In case you're wondering what the hell "witchy-woo" is.. my best guess after seeing it's repeated use throughout the novel.. is that it's sort of a combination of the effect a witch's magic has on the senses. Also referred to once as the "witchy vibe" in this story, mostly it seems to be referenced to as a scent and feeling of a witch's 'otherness.' Now, if unlike me.. you can still take this book seriously, just stop reading this review, close your browser, and enjoy the novel.
"I smell Madison's witchy-woo just seconds before her hand touches my arm."
Sure it's not annoying you yet? That's only twice.
Unfortunately, from the get-go.. I couldn't get past that term. To find it being used as a descriptor over and over in a YA title, actually sort of shocked me. I've read Middle Grade books with more evolved vocabulary. I have no idea why the author thinks 18 year old boys would talk like this, in any world.. and frankly, I find it rather condescending to the YA crowd.
Course, she also treats the reader like they're clueless. Denault doesn't so much foreshadow events and reveals, as dangle them boldly beneath brightly lit neon signs, while pretending no one is the wiser. Not the reader.. and certainly not the characters. She does everything but scream plot points at you.. while the characters happily go on about their business blindly.

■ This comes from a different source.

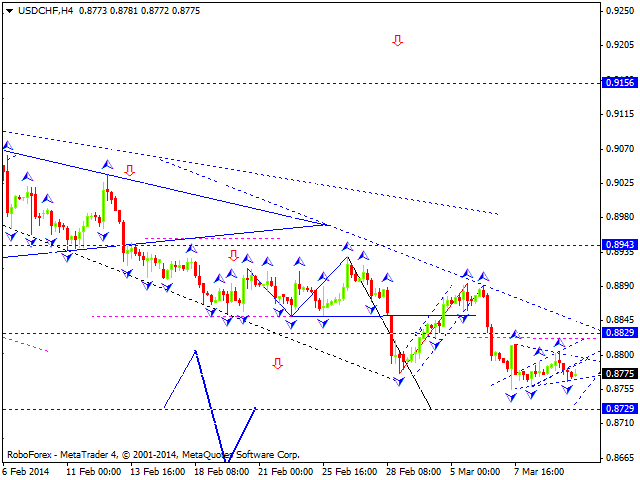 USDCHF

"Next to bacon, sleep is a werewolfs best friend, and I'm not getting enough. It eludes me at night and then creeps up on me during the day."

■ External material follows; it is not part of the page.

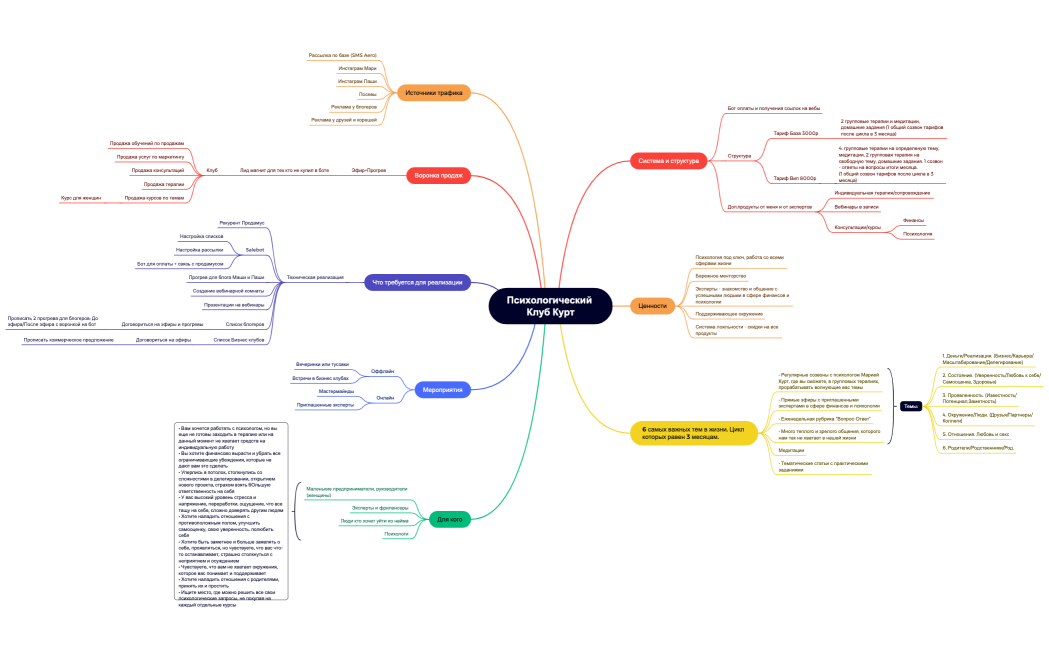 Психологический Клуб Курт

Awesome. My next favorite things is bad canine jokes in were-shifter stories. Don't worry, she has plenty of "wet dog" references to go around too.. and she loves to refer to the shift as "wolfing out." Such literary eloquence.
What this story DOES have going for it.. is a lovely cover. Absolutely gorgeous.
No, I kid, there's more. Not much, but some.
There is a really intriguing take on the vampire species. Sure, you have the regular old vitamin-D challenged bloodsuckers, but there's also another type that's able to take animal form to move around in the daylight and ingest normal foods, then they're able to resume their usual cold, undead(?) form when they don't want to use that one.
That's pretty much it though. The battles are kind of silly and a fair amount of the story is told in wolf form talking about licking muzzles and urinating on everything to mark territory. This was a painful read for me and I had to really force myself to finish the book.